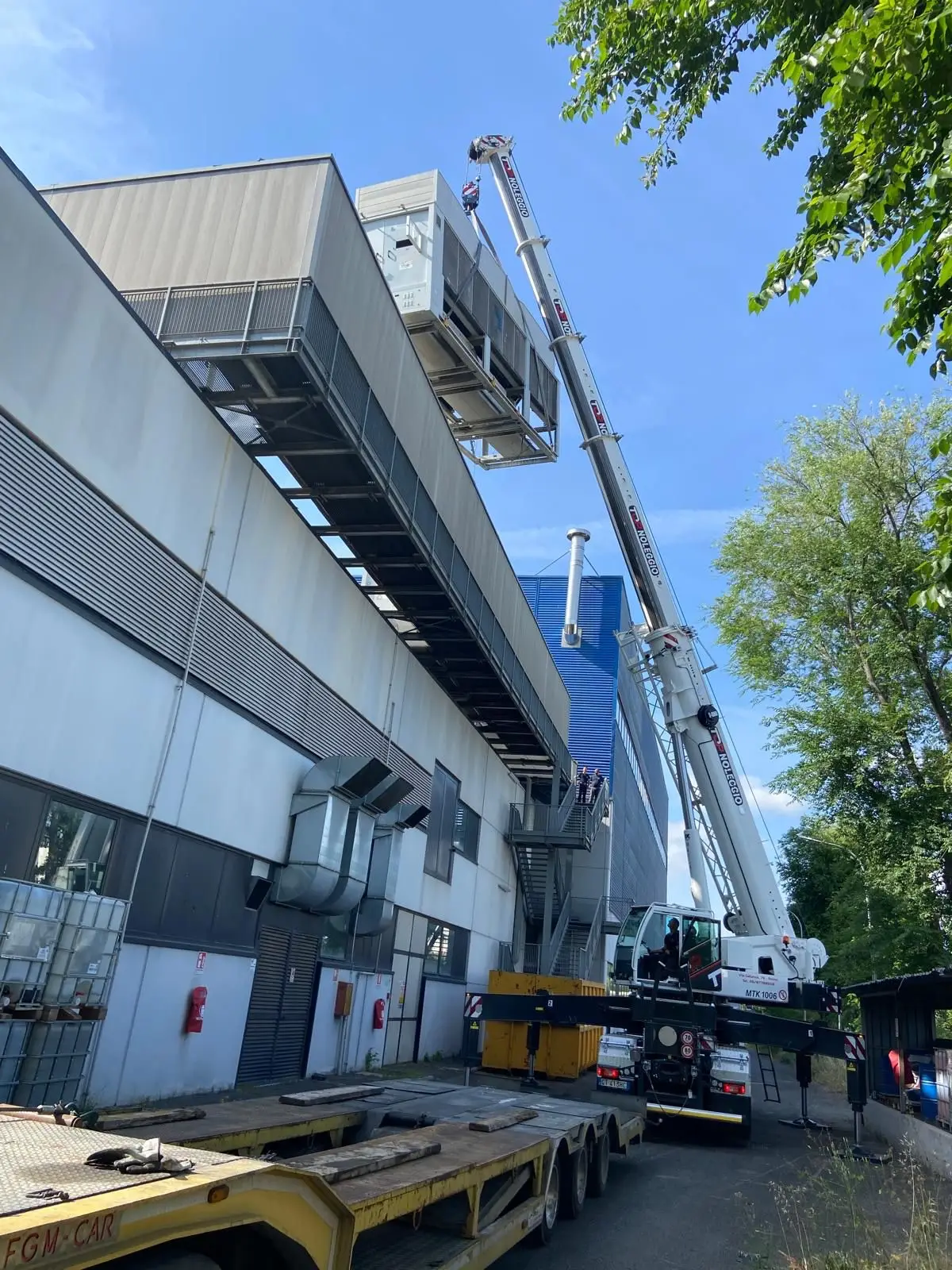 Autogrù al lavoro lungo il prospetto dello stabilimento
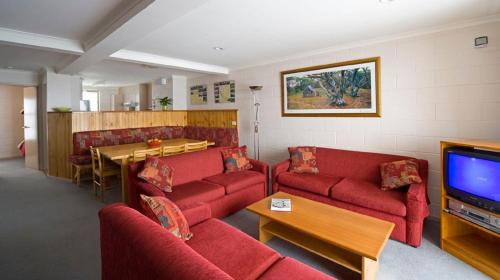 Un lugar para sentarse en Alpine View Apartments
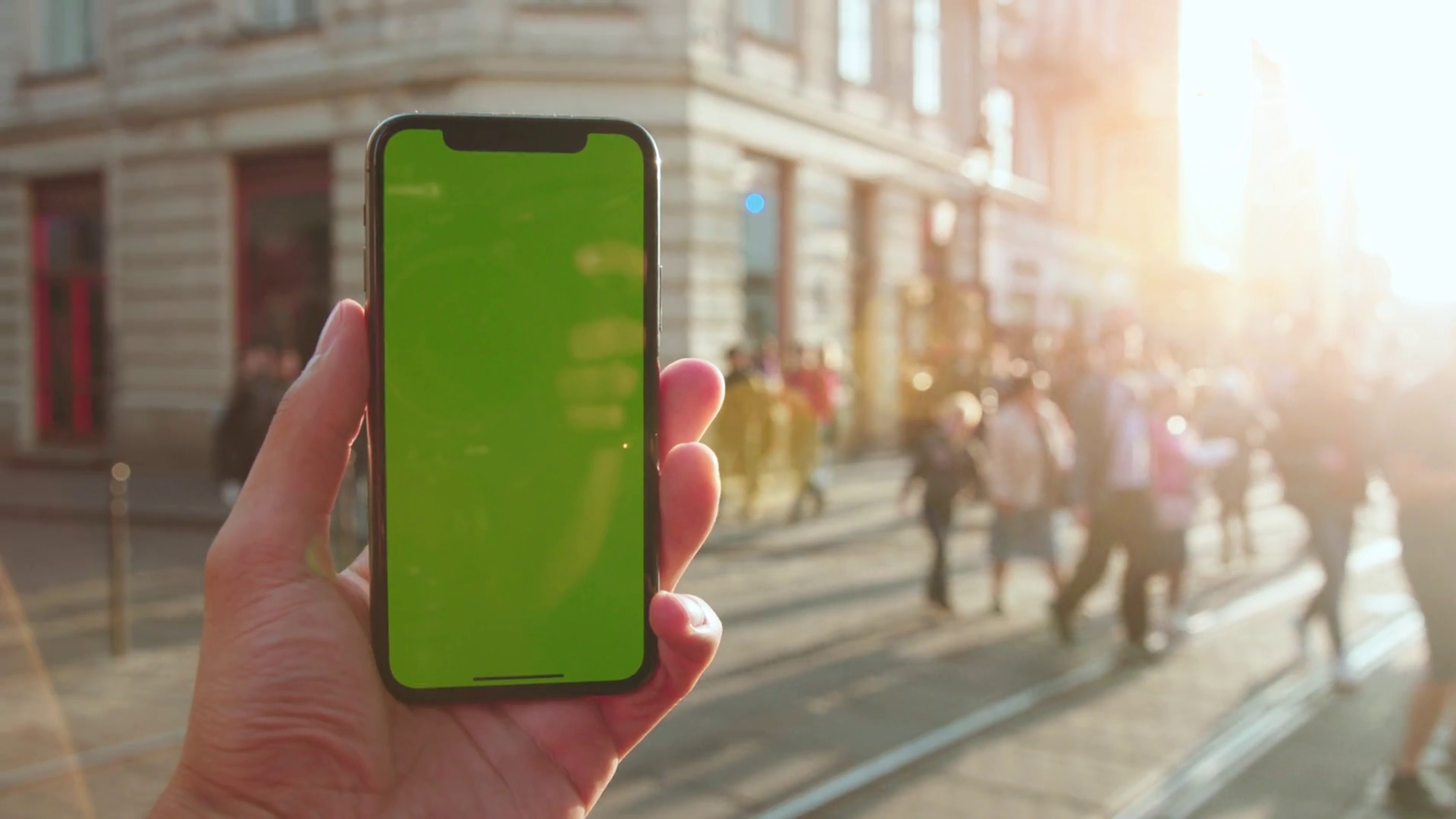 Male hand holding empty greenscreen vertical mockup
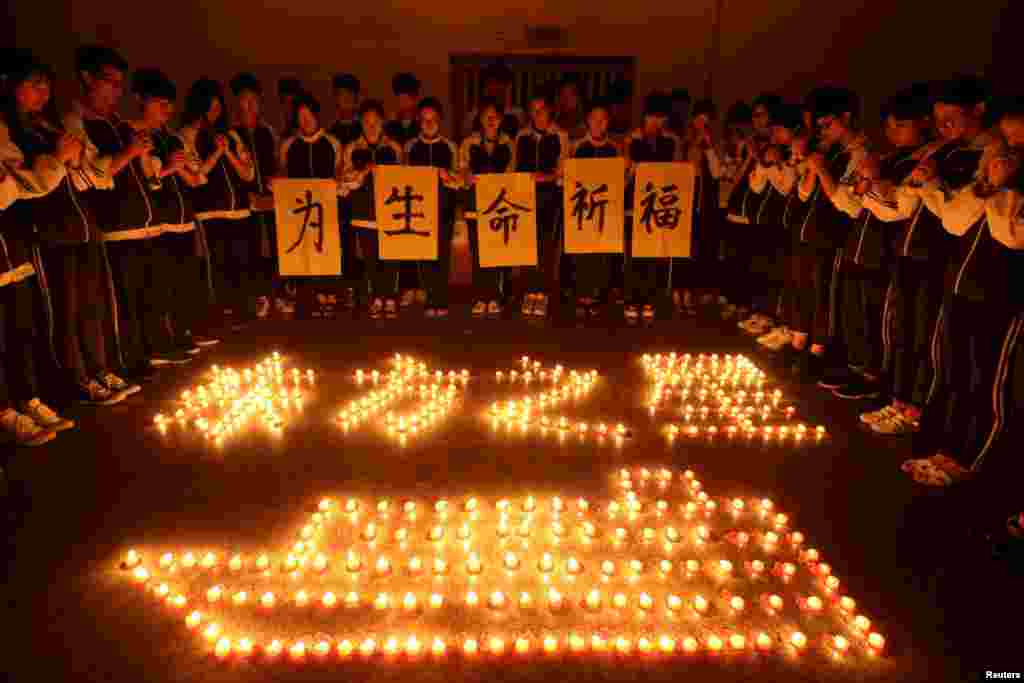 Numa escola de Zhuji, estudantes rezam pelos passageiros de um navio de cruzeiro afundado. Povíncia de Zhejang, China. June 3, 2015 &nbsp;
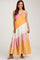 woman wearing a colorful tiered maternity dress with pink, white, orange, and yellow sections and spaghetti straps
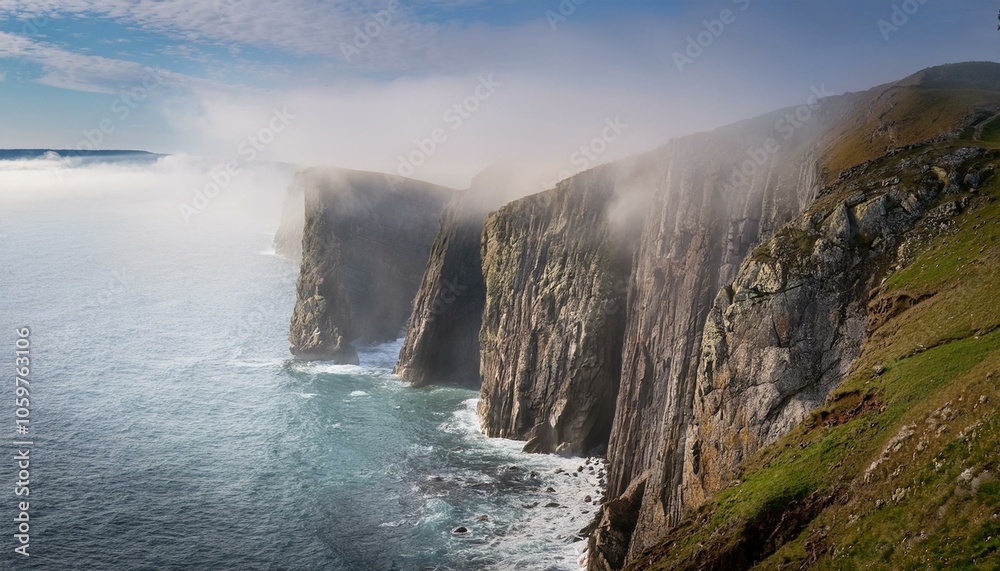 Dramatic sea cliffs in mist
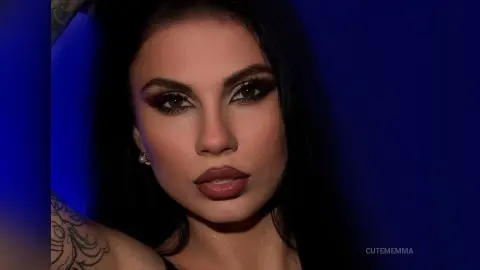CutemEmma poses with long dark hair and heavy eye makeup against a deep blue background, looking directly at the camera.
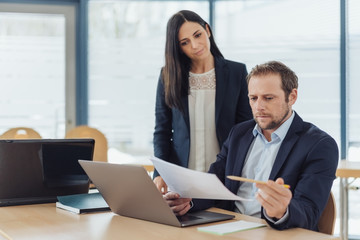 Two business colleagues working on a document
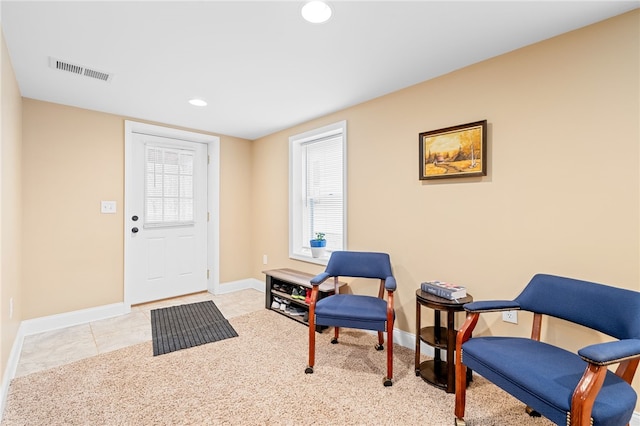 sitting room with light tile patterned flooring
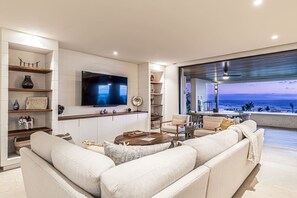 A modern living room with a flat-screen TV, a sofa, a coffee table, and a view of the ocean. - 3 bed 3 5 Bath Private Pool Wide Ocean Views Condo Cualli (Punta de Mita)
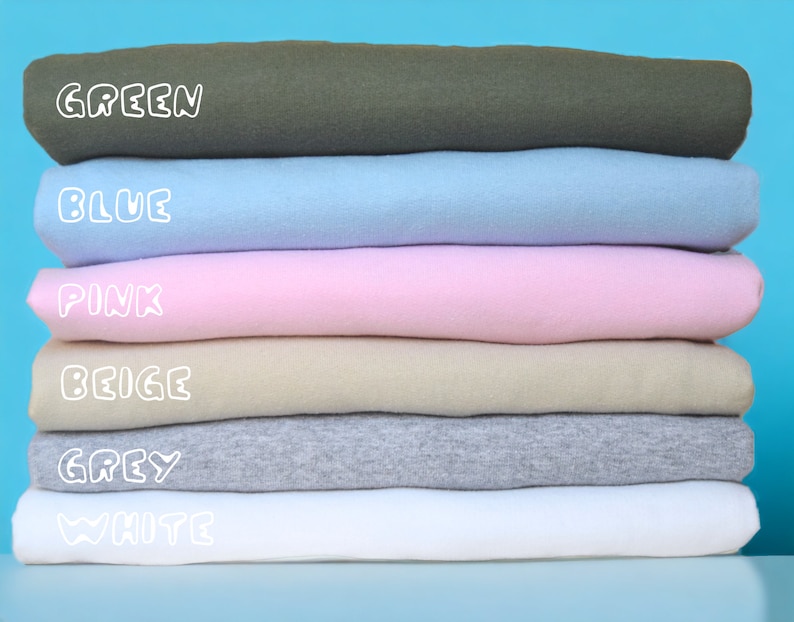 May include: A stack of six folded t-shirts in different colors: green, blue, pink, beige, grey, and white. The colors are labeled in white text.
....
TO DO:
Beginning at the line that contains "Dramatic sea cliffs in mist", give the remaining lines of the records again exactly, through the last one. Leave out pictures.

RESULT OF THIS EXERCISE:
 Dramatic sea cliffs in mist
CutemEmma poses with long dark hair and heavy eye makeup against a deep blue background, looking directly at the camera.
 Two business colleagues working on a document
 sitting room with light tile patterned flooring
 A modern living room with a flat-screen TV, a sofa, a coffee table, and a view of the ocean. - 3 bed 3 5 Bath Private Pool Wide Ocean Views Condo Cualli (Punta de Mita)
 May include: A stack of six folded t-shirts in different colors: green, blue, pink, beige, grey, and white. The colors are labeled in white text.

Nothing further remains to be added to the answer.